**THE PROBLEM**
Please, without the pictures, restate every entry exactly.

**DATA SECTION**
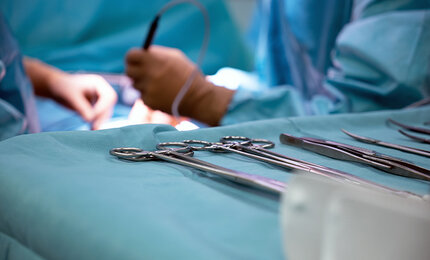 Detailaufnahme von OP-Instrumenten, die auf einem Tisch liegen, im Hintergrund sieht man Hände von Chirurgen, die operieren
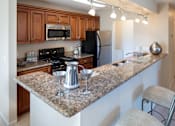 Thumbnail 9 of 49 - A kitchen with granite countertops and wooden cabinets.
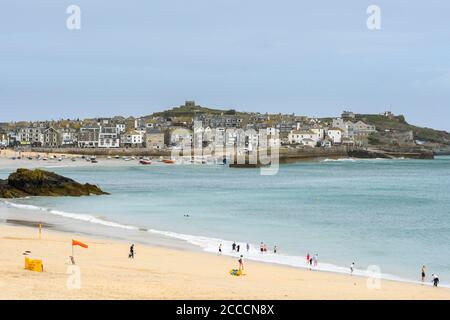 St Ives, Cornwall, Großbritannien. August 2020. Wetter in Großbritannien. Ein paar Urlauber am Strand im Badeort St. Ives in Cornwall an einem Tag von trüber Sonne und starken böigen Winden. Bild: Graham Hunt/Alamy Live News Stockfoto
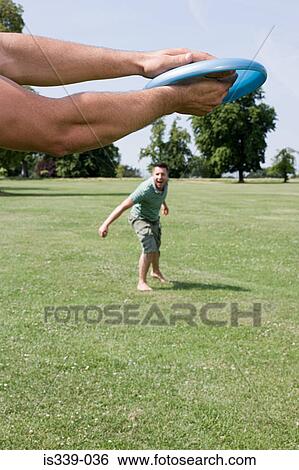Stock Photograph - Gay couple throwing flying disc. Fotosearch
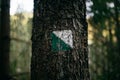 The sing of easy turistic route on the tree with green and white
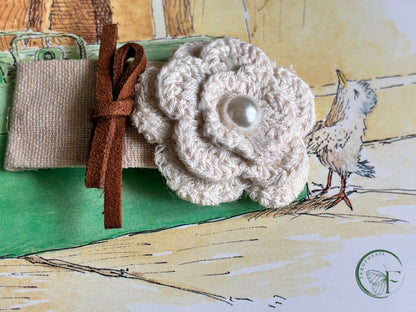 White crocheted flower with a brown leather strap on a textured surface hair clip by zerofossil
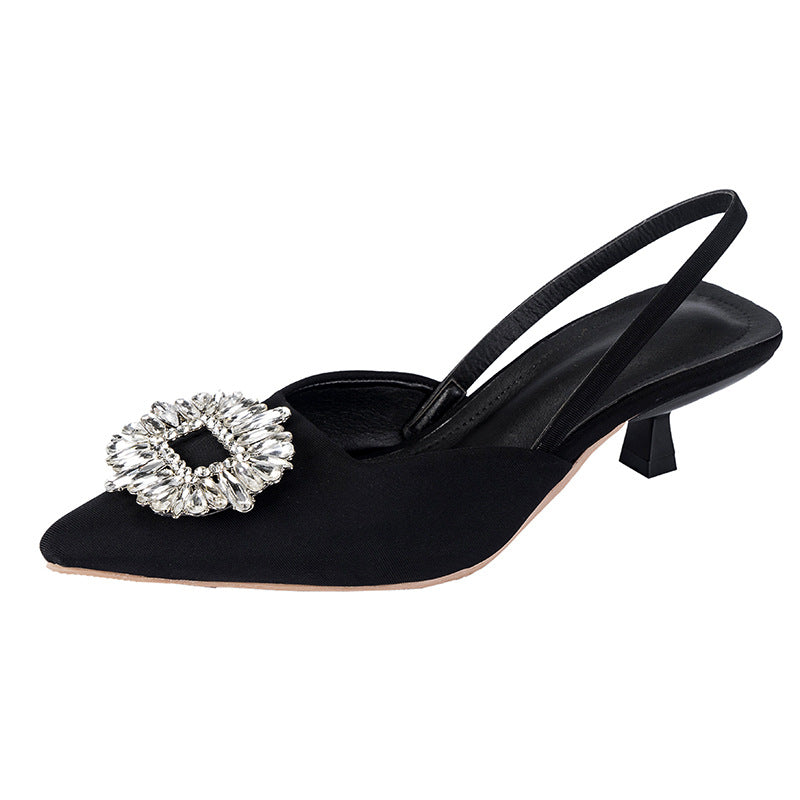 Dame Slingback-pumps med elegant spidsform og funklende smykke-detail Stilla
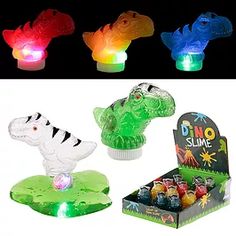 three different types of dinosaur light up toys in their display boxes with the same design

**WRITTEN SOLUTION**
 Detailaufnahme von OP-Instrumenten, die auf einem Tisch liegen, im Hintergrund sieht man Hände von Chirurgen, die operieren
 Thumbnail 9 of 49 - A kitchen with granite countertops and wooden cabinets.
 St Ives, Cornwall, Großbritannien. August 2020. Wetter in Großbritannien. Ein paar Urlauber am Strand im Badeort St. Ives in Cornwall an einem Tag von trüber Sonne und starken böigen Winden. Bild: Graham Hunt/Alamy Live News Stockfoto
Stock Photograph - Gay couple throwing flying disc. Fotosearch
 The sing of easy turistic route on the tree with green and white
 White crocheted flower with a brown leather strap on a textured surface hair clip by zerofossil
 Dame Slingback-pumps med elegant spidsform og funklende smykke-detail Stilla
 three different types of dinosaur light up toys in their display boxes with the same design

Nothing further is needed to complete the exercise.